Trillanes: ICC has put over 50 PH cops on notice in drug war probe

Trillanes: ICC has put over 50 PH cops on notice


MANILA, Philippines — More than 50 active and former police officers who served under the previous administration are on the list of people being investigated by the International Criminal Court (ICC) for their role in the bloody war on drugs waged by former President Rodrigo Duterte.

This was according to an update given by former Sen. Antonio Trillanes IV on the ICC probe that centers on Duterte, who is being accused of crimes against humanity for the brutality and impunity by which his campaign tried to quell the drug menace, leaving thousands dead in its wake.

Trillanes on Wednesday said ICC investigators had already reached out to more than 50 Philippine National Police (PNP) officials to give them an opportunity to clear their names.

READ: Lawyer: Revived drug war in Davao may help speed up ICC probe

“This is primarily to give these implicated PNP personnel a chance to exonerate themselves,” Trillanes told the Inquirer in a phone interview. “So it’s just a part of due process. They’ll be given the opportunity to present their side.”

Citing sources “privy to the ongoing ICC probe,” Trillanes said the “direct communication” between ICC and the policemen occurred “in the past few weeks.”

“If they don’t signify their cooperation immediately, and present their side, [they would] be elevated to being suspects,” the former lawmaker said.

“So it’s up to them, if they don’t present their side… the evidence against them will hold, and will not be opposed,” he added.

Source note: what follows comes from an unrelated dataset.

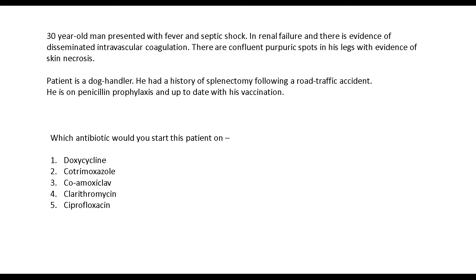A 30-year-old man presented with fever and septic shock. He is in renal failure and there is evidence of disseminated intravascular coagulation. There are confluent papuric spots in his legs with evidence of skin necrosis. The patient is a dog handler. He had a history of splenectomy following a road traffic accident. He is on penicillin prophylaxis and is up to date with his vaccination.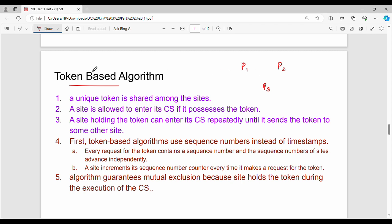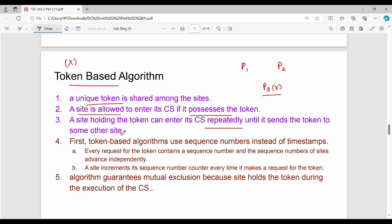So in the token-based algorithm, I have a set of processes - a set of sites. A unique token is shared among the sites. A site is allowed to enter the critical section if it possesses the token. A site holding the token can enter its critical section repeatedly until it sends the token to some other site.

In a separate post on X on Wednesday, Trillanes said the police officers, should they ignore the ICC communication, would be subject to travel restrictions and may eventually face arrest by the International Criminal Police Organization (Interpol).

The Philippines is a member of the Interpol and is bound by its terms on data exchange and cooperation among member countries.

PNP maintains stand

Reacting to Trillanes’ statement, the PNP reiterated that it would not recognize the ICC’s jurisdiction in connection with the drug war probe.

“We have a working judicial system and we have courts that can hear police abuses and irregularities,” PNP spokesperson Police Col. Jean Fajardo said at a forum in Manila.

“[This] has been proven because we have policemen who were charged, jailed and convicted,” Fajardo said. “That’s what the PNP will do. We will submit to the jurisdiction of the Philippines.”

The PNP earlier said it would also not enforce any arrest warrant that the ICC might issue on Duterte, echoing President Ferdinand Marcos Jr.’s position that the Hague-based tribunal had no authority to investigate his predecessor.

In July last year, Marcos said the Philippines would end all engagements with the ICC after the court rejected the government’s appeal to stop the ICC prosecutor’s investigation of alleged crimes against humanity committed during the Duterte administration. He reasserted this position in a statement last month.

In 2018, two years into Duterte’s term, the Philippines withdrew from the Rome Statute, the treaty which established the ICC, after the international body opened its preliminary examination of his brutal antinarcotics campaign. The withdrawal took effect on March 17, 2019.

Drawing local and international condemnation, the crackdown led to the death of more than 6,000 people, mostly in the slums, either in police operations usually marked by irregularities or in vigilante-style killings that were later linked to the campaign.

It was the official death toll given by the police, but human rights watchdogs believe the victims could be as many as 30,000.


The ongoing ICC investigation is officially classified as “situations” since no case has been formalized yet. It covers extrajudicial killings “in the context of the so-called ‘war on drugs’ campaign” that occurred in the Philippines from Nov. 1, 2011, to March 16, 2019.

Once the ICC’s Office of the Prosecutor, led by Karim Khan, applies for a warrant with the Pre-Trial Chamber, the pretrial stage will follow. At this stage, the judges “confirm the suspect’s identity and ensure the suspect understands the charges,” according to the ICC information explaining its legal proceedings.

A three-man Pre-Trial Chamber, whose members were reshuffled in March, will look into the killings. Elected presiding judge was Ulia Motoc from Romania, with Reine Alapini-Gansou and Socorro Flores Liera as members.

In April 2017, lawyer Jude Josue Sabio filed a complaint against Duterte and 11 other government officials for mass murder and crimes against humanity, citing incidents from his years as Davao City mayor up to his presidency.

Two months later, Trillanes and Magdalo party list Rep. Gary Alejano filed a supplemental communication with the ICC. In 2018, the families of the drug war victims filed a separate communication.

In July 2021, the Supreme Court, in a unanimous vote, ruled that Duterte could not invoke the country’s withdrawal from the Rome Statute during his term to evade the ICC investigation.